Atingidos do Oeste da Bahia têm direito de ir e vir restabelecido após um ano

Decisão judicial encerra restrições impostas às lideranças depois de uma intensa mobilização de movimentos populares, organizações de direitos humanos e comunidades tradicionais

por Marcos Souza, MAB

Após mais de um ano de luta, solidariedade e luta por justiça, os sete fecheiros do Oeste da Bahia, denunciados em um processo marcado por irregularidades, voltam a ter plenamente restabelecido o direito de ir e vir. A decisão da Justiça, tomada em 20 de julho, revoga as medidas cautelares que ainda restringiam a liberdade de cinco lideranças dos Fundos e Fechos de Pasto, dando continuidade a um processo iniciado em fevereiro deste ano, quando Solange Moreira e Vanderlei Moreira tiveram suas medidas cautelares revogadas e puderam recuperar o direito de circular livremente enquanto respondem ao processo.

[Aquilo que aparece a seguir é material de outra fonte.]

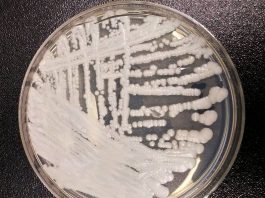 Alerta Hongo Candida Auris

A perseguição contra os fecheiros teve início em maio de 2025, quando Solange e Vanderlei, militantes do Movimento dos Atingidos por Barragens (MAB) e moradores da comunidade tradicional de Brejo Verde, em Correntina (BA), foram presos no Aeroporto Internacional do Galeão (RJ) durante uma viagem em família. A prisão preventiva surpreendeu o casal e gerou indignação. Organizações populares, entidades de direitos humanos, pastorais, sindicatos e movimentos do campo denunciaram o caso como uma verdadeira expressão da criminalização das comunidades tradicionais e dos defensores dos territórios de Fundo e Fecho de Pasto.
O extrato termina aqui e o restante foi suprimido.